We began January with stocks streaking skyward by 8% on the heels of tax reform only to drop by 10% in early February, as hedge funds unwound exotic “volatility trades” and 10-year Treasury rates spiked and retreated. Add to this mix Mueller’s investigation, the President’s tweets, and perhaps most importantly a threatened trade war (as the Administration attempts to renegotiate trade terms with China, Mexico and Canada) and you can understand the market’s nervousness.
Last quarter we counseled a “steady as you go” approach in early 2018, even amid rich stock valuations. We predicated our stance on two things: continued global and U.S. economic growth and continued rising earnings for companies in the major indices. The former seems on sound footing and the latter seems set to accelerate. We still believe earnings in 2018 will give stock investors reason to cheer.
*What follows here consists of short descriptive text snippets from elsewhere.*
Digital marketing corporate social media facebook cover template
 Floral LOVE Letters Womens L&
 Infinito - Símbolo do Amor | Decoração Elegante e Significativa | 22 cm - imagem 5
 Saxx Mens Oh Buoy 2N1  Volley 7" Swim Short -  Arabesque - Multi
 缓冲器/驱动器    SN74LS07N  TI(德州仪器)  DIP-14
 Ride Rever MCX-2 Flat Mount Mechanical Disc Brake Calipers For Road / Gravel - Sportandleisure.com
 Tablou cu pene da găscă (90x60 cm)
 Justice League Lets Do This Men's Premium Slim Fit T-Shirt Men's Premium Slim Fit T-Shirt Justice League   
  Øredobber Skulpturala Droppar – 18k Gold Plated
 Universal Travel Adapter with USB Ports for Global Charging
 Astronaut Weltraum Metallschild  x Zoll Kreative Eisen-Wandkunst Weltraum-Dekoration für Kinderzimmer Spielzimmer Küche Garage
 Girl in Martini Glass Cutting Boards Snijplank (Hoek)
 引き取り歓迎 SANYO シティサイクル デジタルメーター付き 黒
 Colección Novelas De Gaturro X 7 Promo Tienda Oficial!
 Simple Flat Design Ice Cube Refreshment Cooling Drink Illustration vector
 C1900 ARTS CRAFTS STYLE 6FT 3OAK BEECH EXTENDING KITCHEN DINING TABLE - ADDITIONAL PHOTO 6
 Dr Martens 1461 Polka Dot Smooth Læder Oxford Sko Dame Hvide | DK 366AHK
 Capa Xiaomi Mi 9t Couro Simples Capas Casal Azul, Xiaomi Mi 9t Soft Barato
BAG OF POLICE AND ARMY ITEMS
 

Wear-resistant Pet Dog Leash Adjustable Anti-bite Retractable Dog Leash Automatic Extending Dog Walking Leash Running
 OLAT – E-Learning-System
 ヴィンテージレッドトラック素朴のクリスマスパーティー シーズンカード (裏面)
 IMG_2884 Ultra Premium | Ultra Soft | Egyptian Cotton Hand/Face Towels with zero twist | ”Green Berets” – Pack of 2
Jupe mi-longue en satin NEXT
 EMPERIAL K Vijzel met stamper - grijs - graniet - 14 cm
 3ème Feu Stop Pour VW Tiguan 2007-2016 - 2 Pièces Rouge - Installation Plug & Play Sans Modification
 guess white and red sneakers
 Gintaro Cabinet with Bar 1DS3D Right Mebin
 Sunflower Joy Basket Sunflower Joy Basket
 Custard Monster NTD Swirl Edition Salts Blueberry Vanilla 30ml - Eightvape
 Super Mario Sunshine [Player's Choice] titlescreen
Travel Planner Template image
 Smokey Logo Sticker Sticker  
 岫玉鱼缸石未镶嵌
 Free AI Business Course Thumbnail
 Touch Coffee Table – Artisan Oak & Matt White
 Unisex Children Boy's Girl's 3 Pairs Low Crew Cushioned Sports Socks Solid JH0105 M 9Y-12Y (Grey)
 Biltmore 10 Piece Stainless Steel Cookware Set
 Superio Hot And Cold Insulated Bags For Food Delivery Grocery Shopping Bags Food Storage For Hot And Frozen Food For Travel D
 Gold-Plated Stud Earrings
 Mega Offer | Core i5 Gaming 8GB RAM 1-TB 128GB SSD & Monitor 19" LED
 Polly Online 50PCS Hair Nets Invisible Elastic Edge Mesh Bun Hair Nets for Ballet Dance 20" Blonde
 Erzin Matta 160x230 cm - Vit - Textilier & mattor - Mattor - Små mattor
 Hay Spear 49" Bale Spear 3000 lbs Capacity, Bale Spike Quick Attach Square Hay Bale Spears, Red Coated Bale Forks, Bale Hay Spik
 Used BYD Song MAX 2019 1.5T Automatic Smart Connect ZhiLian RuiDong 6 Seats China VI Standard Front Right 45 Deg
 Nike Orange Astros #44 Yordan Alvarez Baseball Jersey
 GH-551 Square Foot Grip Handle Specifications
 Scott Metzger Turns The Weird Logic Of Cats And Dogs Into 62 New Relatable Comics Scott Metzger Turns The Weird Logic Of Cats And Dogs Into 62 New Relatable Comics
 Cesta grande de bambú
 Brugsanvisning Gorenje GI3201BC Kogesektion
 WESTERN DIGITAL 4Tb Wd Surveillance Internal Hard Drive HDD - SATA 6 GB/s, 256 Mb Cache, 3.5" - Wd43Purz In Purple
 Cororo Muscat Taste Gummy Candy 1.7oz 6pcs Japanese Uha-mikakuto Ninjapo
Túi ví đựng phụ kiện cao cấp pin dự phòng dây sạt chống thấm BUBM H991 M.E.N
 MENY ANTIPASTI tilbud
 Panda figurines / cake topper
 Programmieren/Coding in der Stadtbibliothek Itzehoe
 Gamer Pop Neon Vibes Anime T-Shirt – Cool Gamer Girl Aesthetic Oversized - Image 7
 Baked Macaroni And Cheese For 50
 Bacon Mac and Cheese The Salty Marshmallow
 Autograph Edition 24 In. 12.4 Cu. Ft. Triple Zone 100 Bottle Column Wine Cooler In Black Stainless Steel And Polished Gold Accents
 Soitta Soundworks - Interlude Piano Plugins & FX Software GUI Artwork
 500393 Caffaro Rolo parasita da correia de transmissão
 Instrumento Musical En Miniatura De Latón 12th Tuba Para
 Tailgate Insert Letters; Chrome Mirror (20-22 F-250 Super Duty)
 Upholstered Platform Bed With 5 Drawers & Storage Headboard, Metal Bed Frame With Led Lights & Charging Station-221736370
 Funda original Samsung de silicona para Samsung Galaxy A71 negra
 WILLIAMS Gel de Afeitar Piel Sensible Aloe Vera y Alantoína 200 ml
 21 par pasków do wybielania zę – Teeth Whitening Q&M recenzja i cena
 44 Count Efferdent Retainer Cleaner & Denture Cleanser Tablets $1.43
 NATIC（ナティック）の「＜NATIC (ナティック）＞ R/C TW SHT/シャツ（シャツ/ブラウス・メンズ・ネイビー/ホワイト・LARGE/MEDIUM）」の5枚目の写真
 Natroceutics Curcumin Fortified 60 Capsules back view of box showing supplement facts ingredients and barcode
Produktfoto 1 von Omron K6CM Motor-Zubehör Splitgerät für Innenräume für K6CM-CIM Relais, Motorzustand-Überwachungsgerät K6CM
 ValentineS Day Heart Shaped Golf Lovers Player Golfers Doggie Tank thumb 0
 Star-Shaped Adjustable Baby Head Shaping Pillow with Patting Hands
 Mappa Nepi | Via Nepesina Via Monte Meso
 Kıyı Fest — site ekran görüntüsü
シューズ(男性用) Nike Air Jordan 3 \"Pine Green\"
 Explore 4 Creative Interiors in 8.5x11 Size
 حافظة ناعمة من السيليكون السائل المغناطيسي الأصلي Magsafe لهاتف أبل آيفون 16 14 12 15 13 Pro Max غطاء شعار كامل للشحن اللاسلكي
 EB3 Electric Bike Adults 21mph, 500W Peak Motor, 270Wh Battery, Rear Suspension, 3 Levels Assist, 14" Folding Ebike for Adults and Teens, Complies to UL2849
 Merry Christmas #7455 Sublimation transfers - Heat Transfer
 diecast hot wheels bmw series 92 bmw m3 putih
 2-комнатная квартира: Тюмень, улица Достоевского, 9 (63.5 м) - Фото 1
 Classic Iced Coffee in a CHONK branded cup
The fiscal stimulus of the tax cuts adds some shine to the near-term earnings outlook.
For a list of concerns, we will start as we have for a few quarters, with the Fed. The determination with which they raised interest rates seems set to continue with at least two more hikes in 2018. At some point such action will take some starch out of the markets and possibly turn into a headwind. The best of this earnings cycle may present itself this year as the effects of the stronger economy and the tax cuts become fully discounted into earnings estimates.
Our current stance is remarkably similar as in December, but with a subtle shift of position. As 2017 closed, we counseled a steady course since good news on earnings and growth are yet to come. Now we might summarize by saying we are steady but watchful. Watchful primarily because of continuing tightening of monetary conditions by the Fed, and inflation concerns rising from the dead. Secondarily, there are concerns around trade tensions with China. This concern is tempered by our belief that the parties have an incentive to avoid a “trade war”, avoiding the worst outcomes. Steady but Watchful.
In closing, we appreciate your trust and partnership with Altavista, and we look forward to meeting to discuss your portfolio positioning and planning goals.